> _Directions_
The full listing is to be returned exactly as given, but without pictures.

> _Collected material_

=-=-=

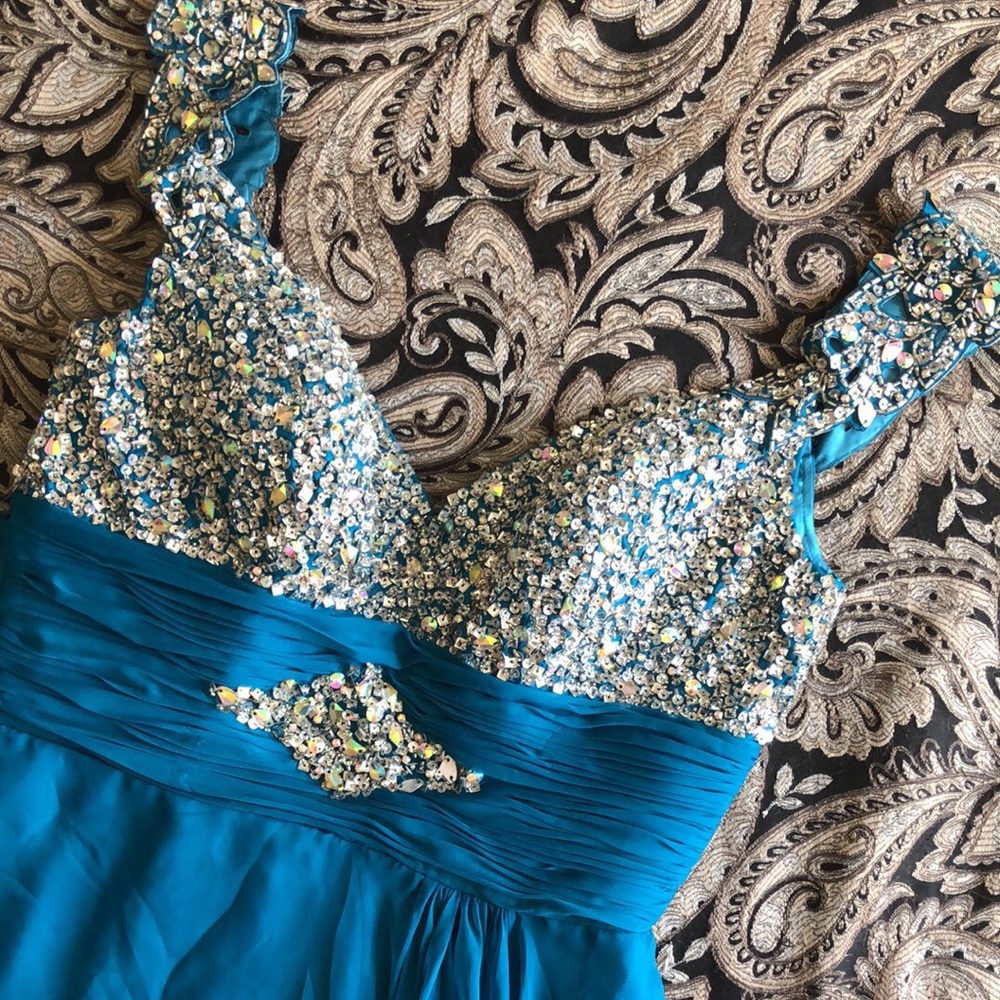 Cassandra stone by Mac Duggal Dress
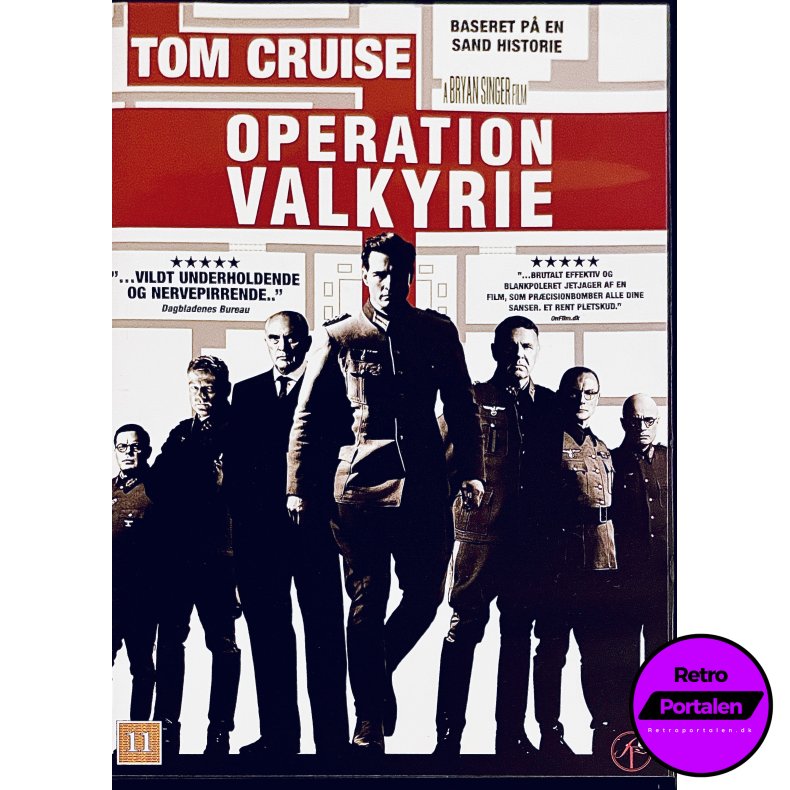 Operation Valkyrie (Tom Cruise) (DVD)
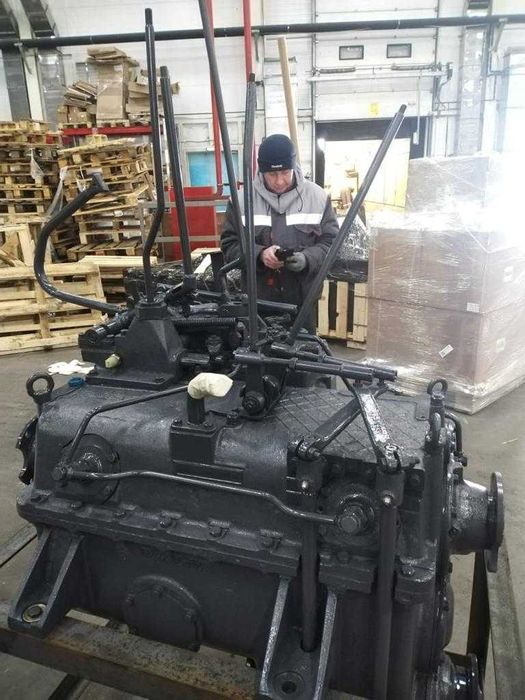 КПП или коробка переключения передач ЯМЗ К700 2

=-=-=

> _Task output_
 Cassandra stone by Mac Duggal Dress
 Operation Valkyrie (Tom Cruise) (DVD)
 КПП или коробка переключения передач ЯМЗ К700 2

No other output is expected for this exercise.